» **WHAT YOU NEED TO DO**:
Print all of the data below exactly as it appears, leaving out every image.

» **PROVIDED RECORDS**:
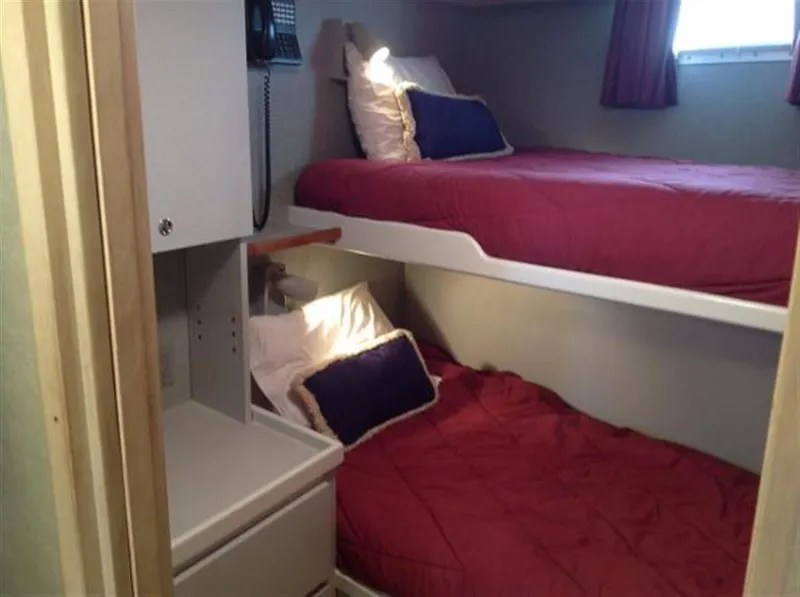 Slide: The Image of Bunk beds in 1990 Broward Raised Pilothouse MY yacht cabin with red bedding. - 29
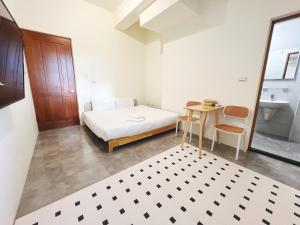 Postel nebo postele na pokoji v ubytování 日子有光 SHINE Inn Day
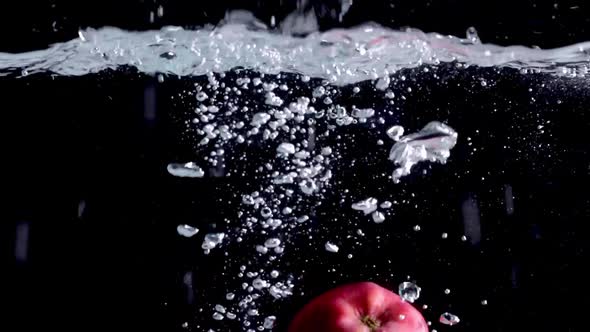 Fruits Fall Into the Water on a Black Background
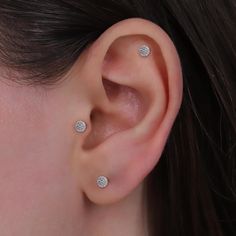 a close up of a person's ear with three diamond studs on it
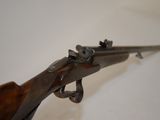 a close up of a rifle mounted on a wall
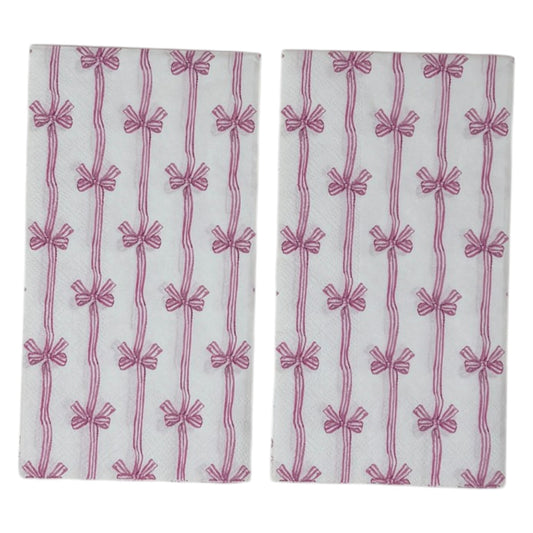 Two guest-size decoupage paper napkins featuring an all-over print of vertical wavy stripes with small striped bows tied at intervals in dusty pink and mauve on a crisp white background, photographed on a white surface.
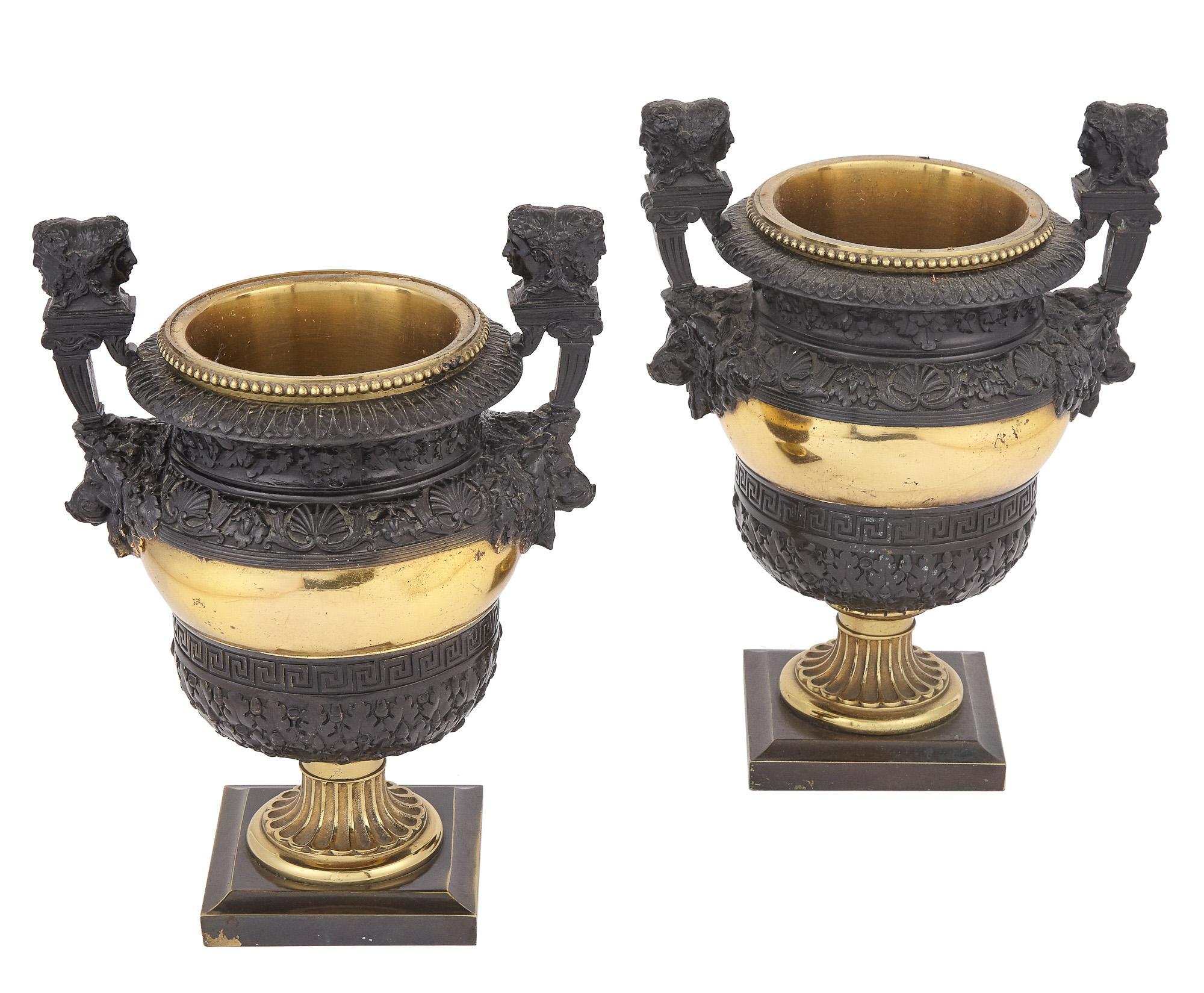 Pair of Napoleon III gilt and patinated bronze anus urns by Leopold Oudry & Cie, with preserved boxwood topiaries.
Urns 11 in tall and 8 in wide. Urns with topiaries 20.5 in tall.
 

» **THE ANSWER**:
 Slide: The Image of Bunk beds in 1990 Broward Raised Pilothouse MY yacht cabin with red bedding. - 29
 Postel nebo postele na pokoji v ubytování 日子有光 SHINE Inn Day
 Fruits Fall Into the Water on a Black Background
 a close up of a person's ear with three diamond studs on it
 a close up of a rifle mounted on a wall
 Two guest-size decoupage paper napkins featuring an all-over print of vertical wavy stripes with small striped bows tied at intervals in dusty pink and mauve on a crisp white background, photographed on a white surface.
 Pair of Napoleon III gilt and patinated bronze anus urns by Leopold Oudry & Cie, with preserved boxwood topiaries.
Urns 11 in tall and 8 in wide. Urns with topiaries 20.5 in tall.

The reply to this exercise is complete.